● **Exercise instructions**: Write out again, exactly, the lines below starting at the one with "Rosa Be Sweet" and ending at the one with "出国打工信息网?加拿大CIB".

● **Records**:
---

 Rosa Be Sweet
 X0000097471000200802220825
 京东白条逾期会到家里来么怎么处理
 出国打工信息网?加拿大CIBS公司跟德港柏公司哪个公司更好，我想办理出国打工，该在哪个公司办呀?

---

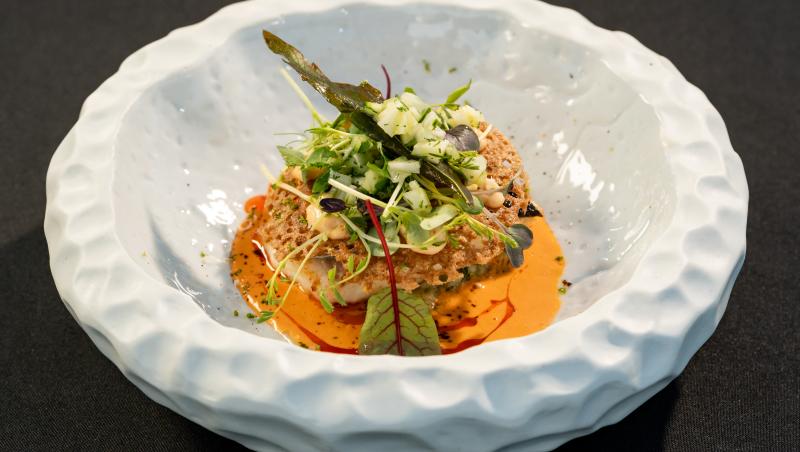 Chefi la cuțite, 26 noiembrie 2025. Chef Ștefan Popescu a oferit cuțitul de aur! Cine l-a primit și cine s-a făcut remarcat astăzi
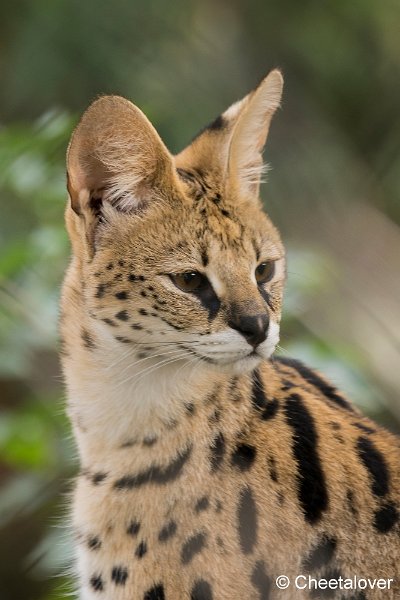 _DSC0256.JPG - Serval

---

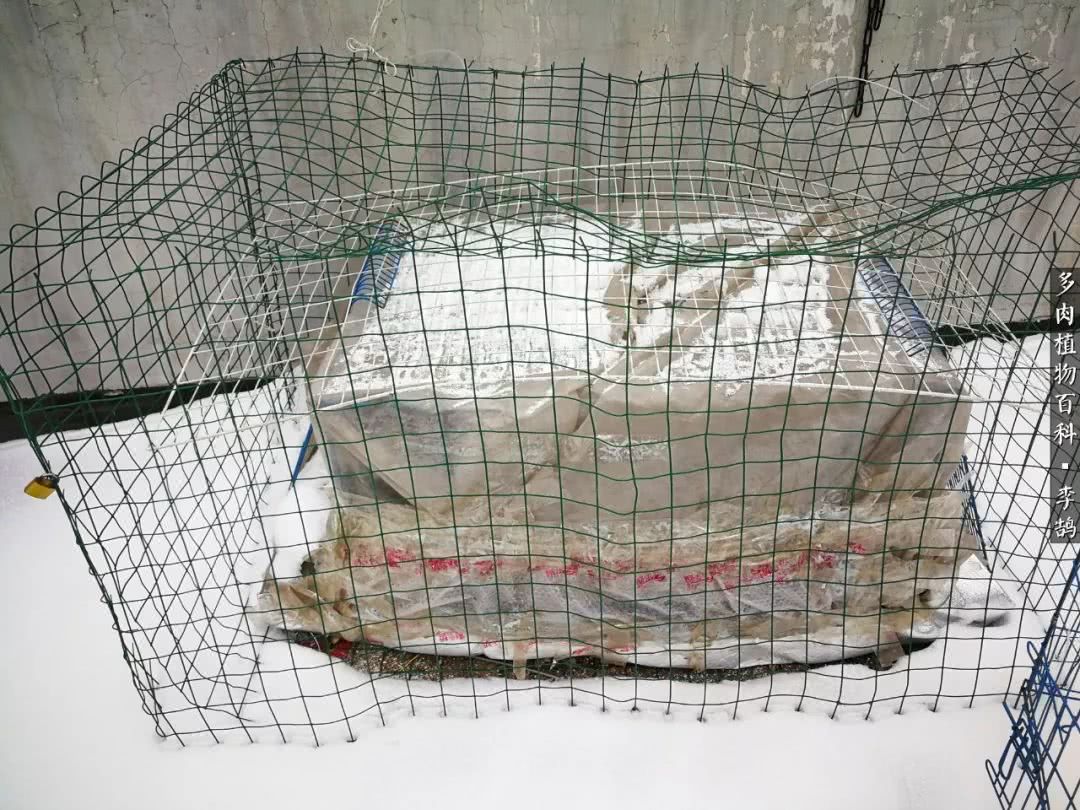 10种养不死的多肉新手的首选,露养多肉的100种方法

---

● **Solution to the problem**:
 Rosa Be Sweet
 X0000097471000200802220825
 京东白条逾期会到家里来么怎么处理
 出国打工信息网?加拿大CIBS公司跟德港柏公司哪个公司更好，我想办理出国打工，该在哪个公司办呀?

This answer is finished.